There are times when I questioned Nerburn’s word choice. Why, for example, does he persist in calling the Grandfather at Annie’s house “the legless” man even after he knows who he is? (The man has lost his legs – diabetes.)

To his credit, Nerburn keeps his chapters short and the story moving. He is not afraid of making himself look badly.

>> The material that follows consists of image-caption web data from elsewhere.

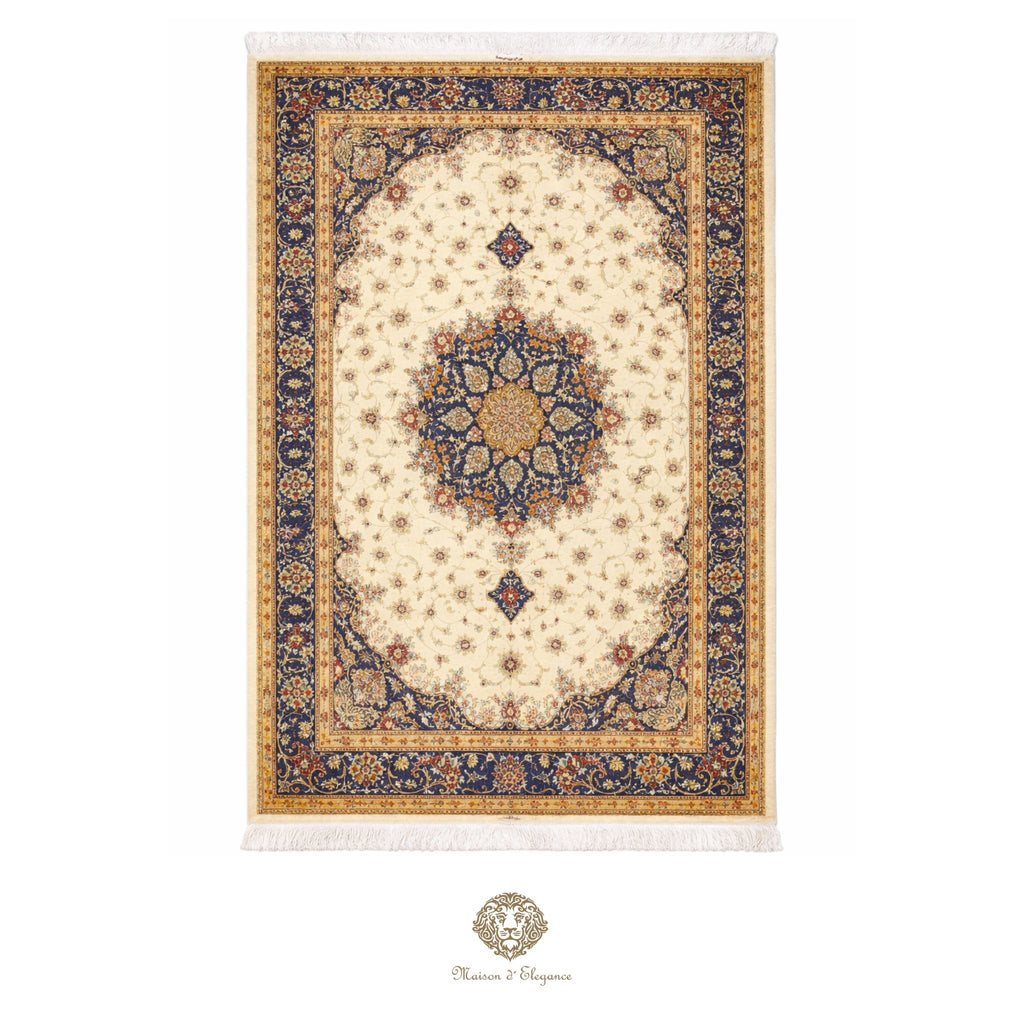 Decorative rug with intricate patterns on a white background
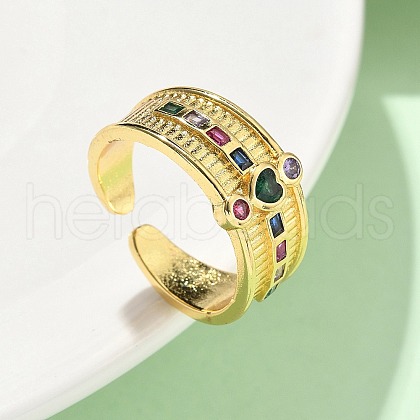 Brass Micro Pave Cubic Zirconia Adjustable Cuff Rings RJEW-V009-01G-1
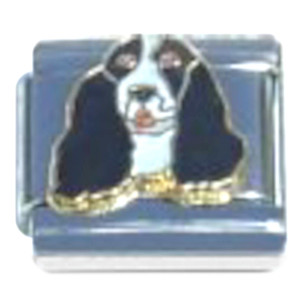 Black And White Dog Italian Charm Black And White Dog Italian Charm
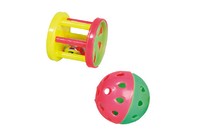 Karlie-Flamingo Circus КАРЛИ-ФЛАМИНГО ЦИРКУС игрушка для грызунов с колокольчиком, пластик, 2шт, 4см.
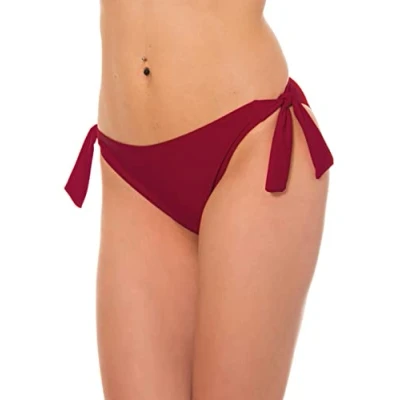 Abbildung von Aquarti Bikinihose Damen mit seitlicher Schnürung Hüftslip Bikinihosen für in Unifarben, Farbe: Dunkelrot, Größe: 38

This is a powerful and provocative book – one quite worthy of discussion.

The Art Forger (Shapiro)

Shapiro writes well about art and this includes her descriptions of the Gardener Museum. And the plot starts off in a promising, if predictable way. The premise is based on a real theft (http://www.gardnermuseum.org/resources/theft). But the story quickly gets out of Shapiro’s control. The plot she’s established requires too much exposition and the narrative form she’s chosen doesn’t justify it. The characters become types rather than characters and the mystery elements she concocts become convoluted and just plain silly. I simply didn’t believe the story or the characters. I was always aware of Shapiro’s hand in everything. Also, I was annoyed at the pretense of historical fiction – the way that Degas and Isabella Stewart Gardener becomes pawns to manipulate in this silly story. I just don’t think she needed this historical anchors. Her own author’s note at the end of the novel indicates she was mostly interested in writing about Gardener herself. Indeed, Gardener’s ‘letters’ are the only well-chosen narrative form, as they allow for still more exposition, but are framed in such a way that such exposition makes sense.

The New Jim Crow (Alexander)

I made a mistake. I heard Alexander speak. She didn’t have her notes or slides (lost luggage); she was still amazing. She’s definitely one of the most impressive speakers I’ve ever heard. Between that and reading a summary of this book, I thought I got it; I understood her argument and agreed with it. So why I read the book?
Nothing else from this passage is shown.